Groopman goes on to cite some work by Donald Schon of MIT. Real physicians face:
“Divergent situations where… relying on a large database to assign probabilities to a certain diagnosis, or the outcome of a certain treatment, completely breaks down.”
This is analogous to many of the problems we face in our own fields. Henry Petroski, for example, discusses in “ To Engineer is Human” ( TEIH review + notes) how there’s usually little helpful data in the performance of boundary-pushing designs – which, of course, given the nature of arms races, is most engineering designs. As we keep demanding our devices get ever more powerful yet smaller or lighter-weight, old base rates may not apply.
Phil Rosenzweig comes to similar conclusions about businesses in “ The Halo Effect” ( Halo review + notes). While it seems like there are a lot of businesses out there, in reality there aren’t – about 3,600 domestic companies are listed on U.S. stock exchanges as of the end of 2017 (per Bloomberg), which would be classified well into “orphan disease” territory if it was a medical condition.

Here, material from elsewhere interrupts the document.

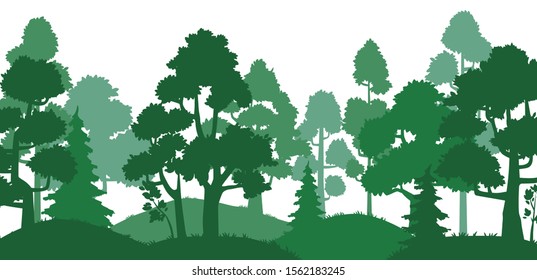 Forest Trees Silhouette Nature Landscape Green Stock Vector (Royalty ...
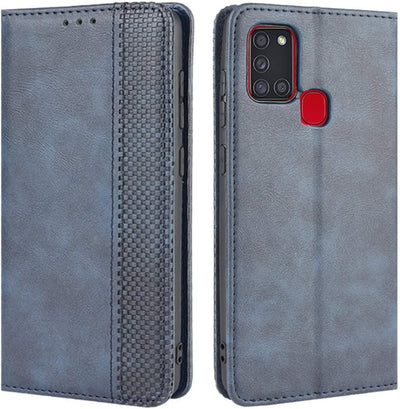 Samsung Galaxy A21s blue color leather wallet flip cover case By excelsior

Once you think about all the confounding factors, there’s not really a good base rate for many business decisions – for example, a sizable merger – simply because there just haven’t been enough done, under similar conditions, from which to draw quantitatively precise conclusions.
A final point – that I discuss in more depth in the cognition / intuition / habit / stress model, and elsewhere – is that pure, deliberate analysis isn’t the solution to every problem. Groopman notes throughout “ How Doctors Think” ( HDT review + notes) that doctors using both cognition andintuition tends to result in better diagnoses than using one or the other alone.
Charles Duhigg notes in “ The Power of Habit” ( PoH review + notes) that football players make worse decisions when they think rather than react – because, as Laurence Gonzales explains in “ Deep Survival” ( DpSv review + notes), cognition is often too slow in dire circumstances.
The point isn’t to throw up our hands and say that we can never use Bayesian reasoning. The point is, as with anything else, to not be a man with a hammer – it’s a very useful tool, and I’ve found it to be a wonderful practice of thinking that has enhanced my cognition, but it also has its practical limitations.
Application / impact: be aware that base rates don’t exist for everything, and in some situations, Bayesian reasoning can actually lead you astray.